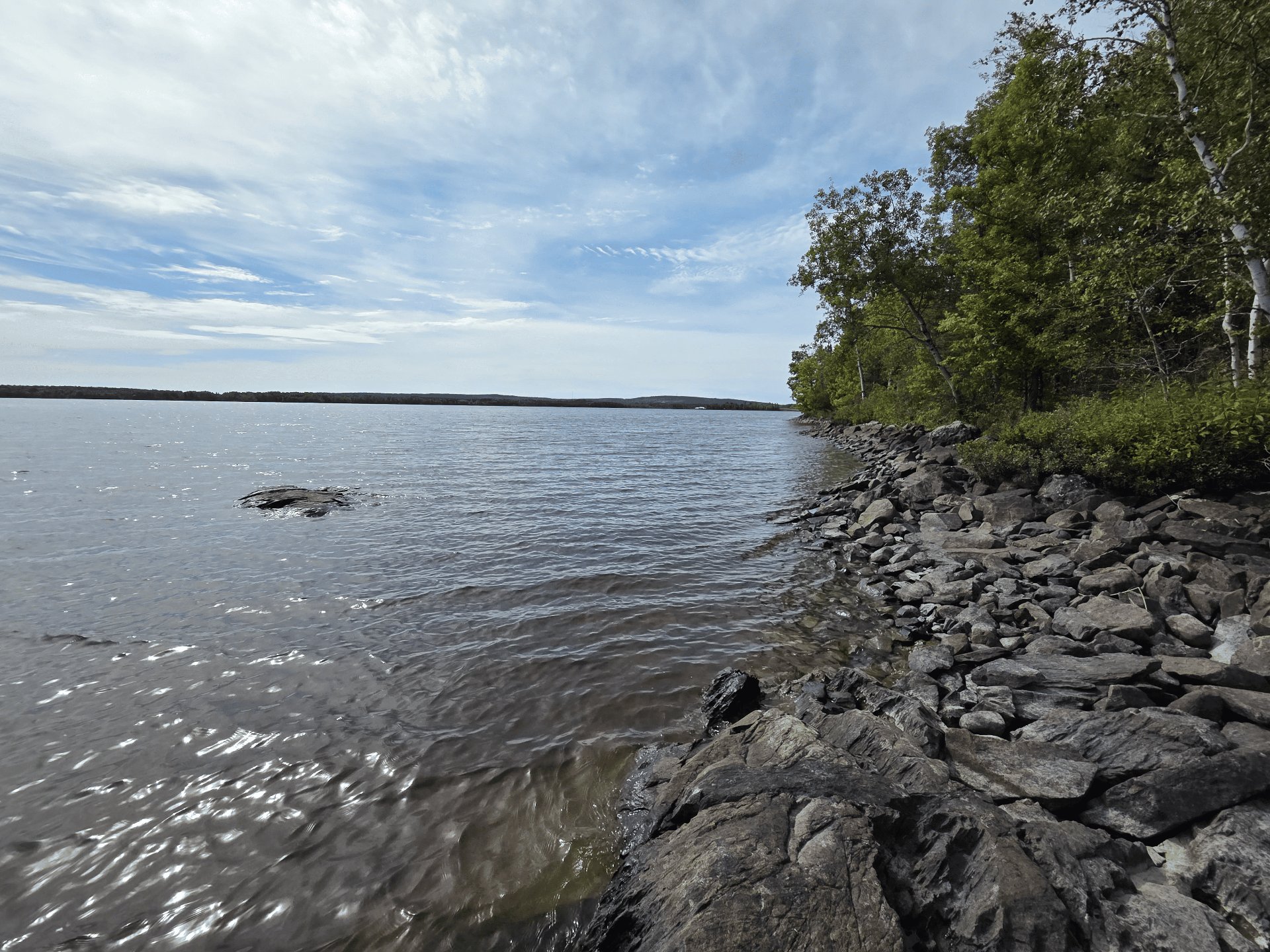 Waterfront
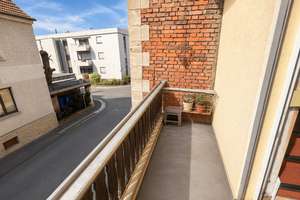 Mehrfamilienhaus mit 3 Wohneinheiten, 150 m² Wohnfläche und großem Potenzial – 97084 Heidingsfeld, Würzburg – Vorschaubild 9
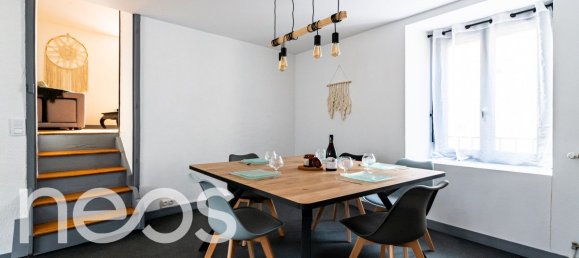 Moradia em banda T1 em Cote-d'Or, France N.º 334870 5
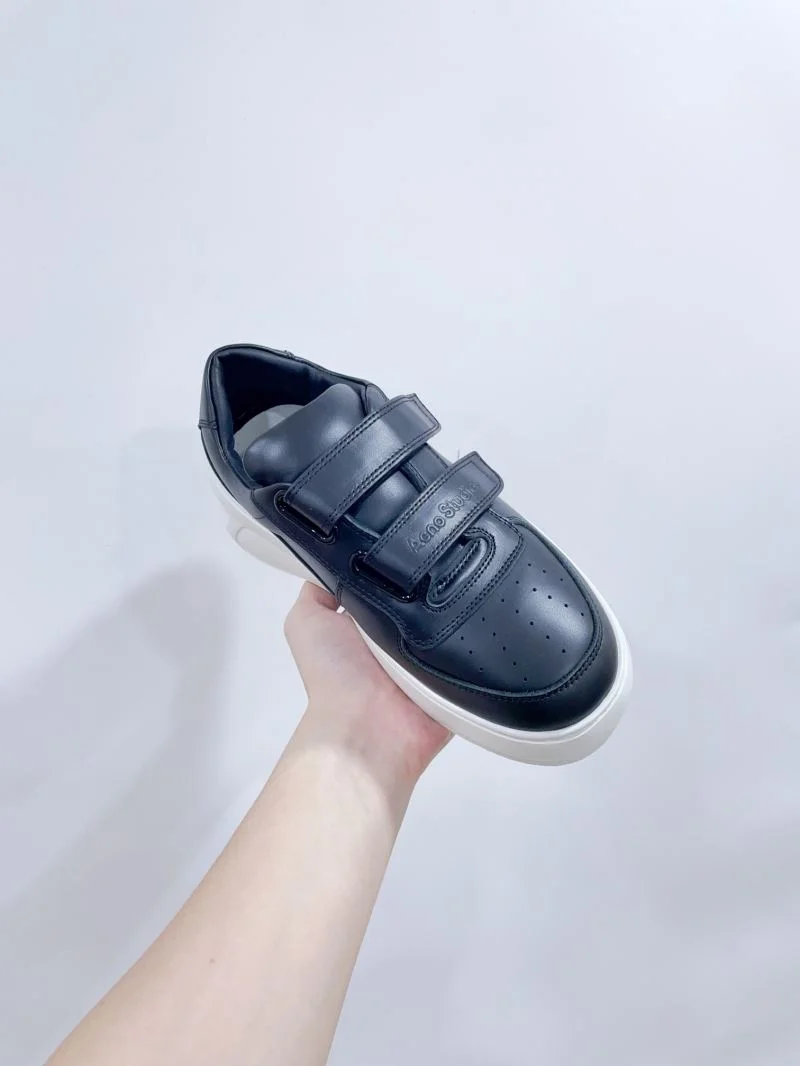 Acne Studio Shoes Functional 8571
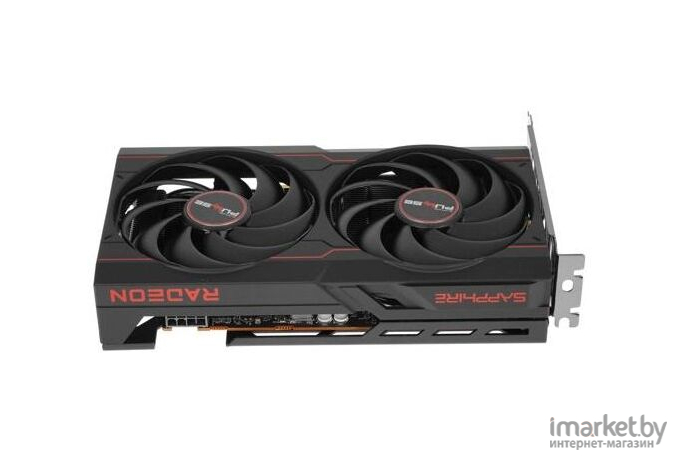 Видеокарта Sapphire RX 6600 8GB GDDR6 [11310-01-20G]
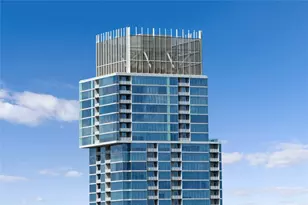 301 West Ave, Austin, TX 78701 - Photo 1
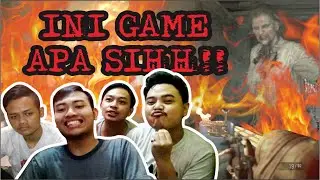 INI GAME APA SIHH!?? | RE 7 #5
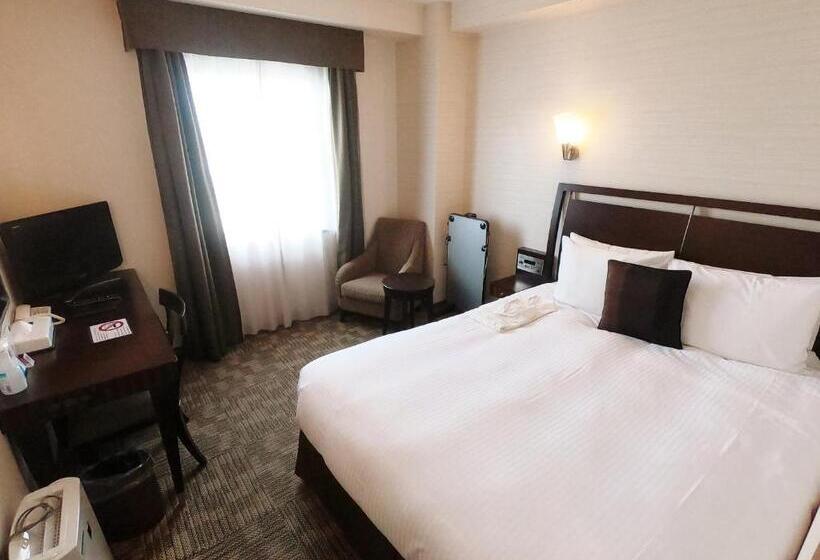 Номер Deluxe, Sol Vita Hotel Naha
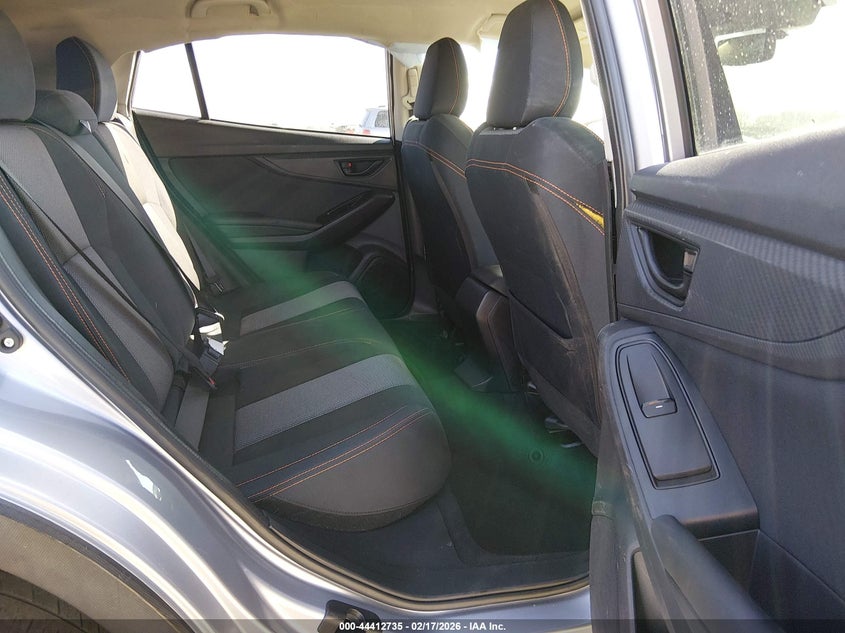 2020 Subaru Crosstrek Premium VIN: JF2GTAPC5L8223542 Lot: 44412735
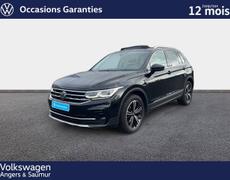 Volkswagen Tiguan Saumur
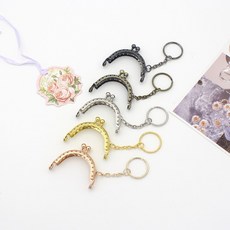 키링형 미니프레임, 엔틱, 1개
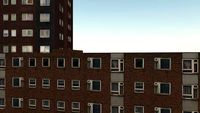 Apartment Blocks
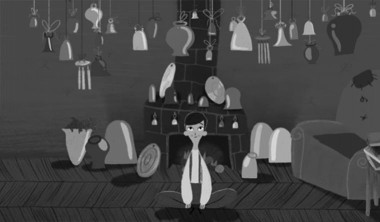 Lecture: Zlín Animation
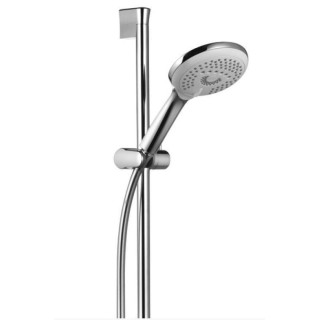 Zestaw natryskowy Kludi FreshLine, 90 cm, chrom- sanitbuy.pl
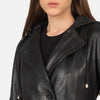 Current Classic Ladies Leather Coats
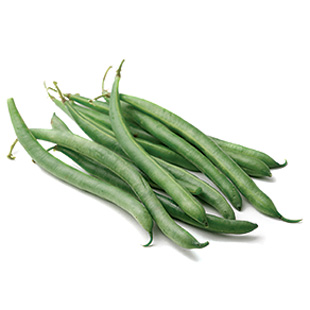 ถั่วพุ่มเขียว(ไร้ค้าง) Bush Bean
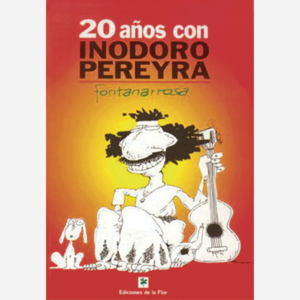 20 años con Inodoro Pereyra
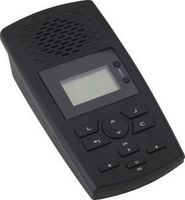 KJB Security Products DR004 Call Assistant SD Recorder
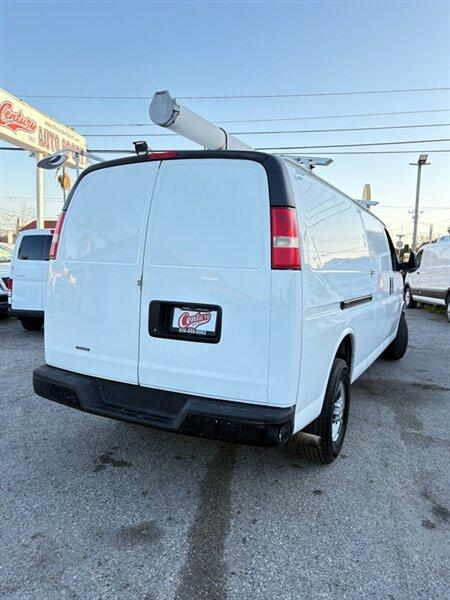 used 2013 Chevrolet Express 2500 car, priced at $9,995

■ What the task requires:
What you need to retype is every line from the one that has "Lecture: Zlín Animation" through the last line of the listing, both included, with the pictures left out.

■ Solution to this task:
 Lecture: Zlín Animation
 Zestaw natryskowy Kludi FreshLine, 90 cm, chrom- sanitbuy.pl
 Current Classic Ladies Leather Coats
 ถั่วพุ่มเขียว(ไร้ค้าง) Bush Bean
 20 años con Inodoro Pereyra
 KJB Security Products DR004 Call Assistant SD Recorder
 used 2013 Chevrolet Express 2500 car, priced at $9,995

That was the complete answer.